Hugo Schuchardt an Karl Vossler (35-HS_KV_s.n.)
von Hugo Schuchardt
an Karl Vossler
05. 11. 1920
Deutsch
Schlagwörter: Publikationsversand Dankschreiben Wissenschaftliche Gesellschaften Südtirolfrage Innsbrucker Abendblatt Publikationswesen Politik- und Zeitgeschichte Erster Weltkrieg Schuchardt, Hugo (1920)
Zitiervorschlag: Hugo Schuchardt an Karl Vossler (35-HS_KV_s.n.). Graz, 05. 11. 1920. Hrsg. von Verena Schwägerl-Melchior (2015). In: Bernhard Hurch (Hrsg.): Hugo Schuchardt Archiv. Online unter https://gams.uni-graz.at/o:hsa.letter.2866, abgerufen am 31. 05. 2023. Handle: hdl.handle.net/11471/518.10.1.2866.
G. 5.11.'20
Lieber Freund,
Vielen Dank für Ihr schönes Neueste1 (der Soc. di c. naz.2 wünsche ich gutes Gedeihen). Sie wissen doch alten Dingen eine neue und zugleich große Seite abzugewinnen!

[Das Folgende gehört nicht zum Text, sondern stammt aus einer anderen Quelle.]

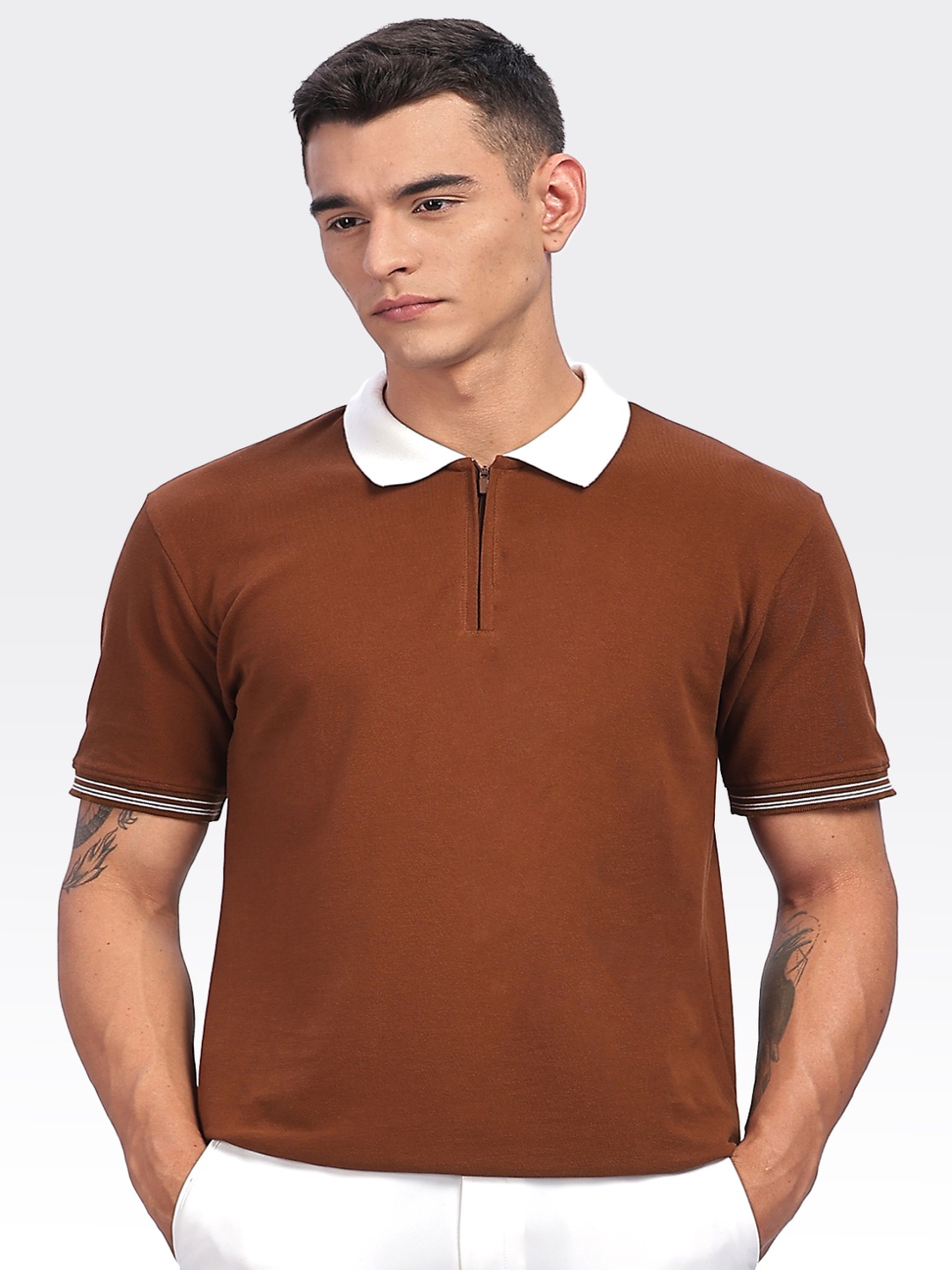 

ADRO Men Polo Collar T-shirt, Brown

Wegen des Mitfolgenden bitte ich um stilles Beileid; ich konnte nicht umhin es Ihnen zu senden, damit Sie – vielleicht auf anderem Wege es in die Hände bekommend – mich nicht für altersschwächer halten als ich bin. Den Titel habe nicht ich gewählt, ein Schlußwort überhaupt nicht geschrieben und gewünscht.3 Den Schluß des Briefes hatte ich richtig übersetzt, was hat man daraus gemacht? Er lautet: "Come? |2| Tanta intolleranza di noi, e noi, non poche migliaia, ma milioni, dovremmo per secoli subire il giogo straniero?"4
Mich hatte die Widmung: all'amico dell'Italia anche nella guerra5 geradezu aufgebracht; ich hätte wohl bedenken sollen, daß sie als Liebenswürdigkeit, ja als Schmeichelei gemeint war. Aber ich sagte mir, würde sie ein Italiener nicht geradezu als Vorwurf der Verräterei aufgefaßt haben? Und dürfen Sie unser Volksgefühl niedriger einschätzen als ihr eigenes? Ich berühre diese Sache noch einmal, weil mich oft der Gedanke beunruhigt, man – das heißt die die sich meiner entsinnen – könnte nach meinem Tod drüber sagen: Sch. hat allerdings zeitlebens Italien geliebt, aber gegen Ende ist er umgefallen, ist als Italienfeind gestorben - nein! ich liebe auch heute noch alles was schön und gut an Italien ist: nicht ich bin untreu geworden, vielmehr – so komisch es klingen mag – Italien ist mir untreu geworden.
Patti chiari, amici cari, das ist im Laufe der Jahre mein Leibspruch geworden.
Mit herzlichem Gruß
Ihr
HSchuchardt
1 Es konnte nicht geklärt werden, für welche Zusendung (Brief und/oder Publikation) sich Schuchardt hier bedankt, da zwischen Lfd. Nr. 34-HS_KV_s.n. und 35-HS_KV_s.n. ein Korrespondenzstück zu fehlen scheint.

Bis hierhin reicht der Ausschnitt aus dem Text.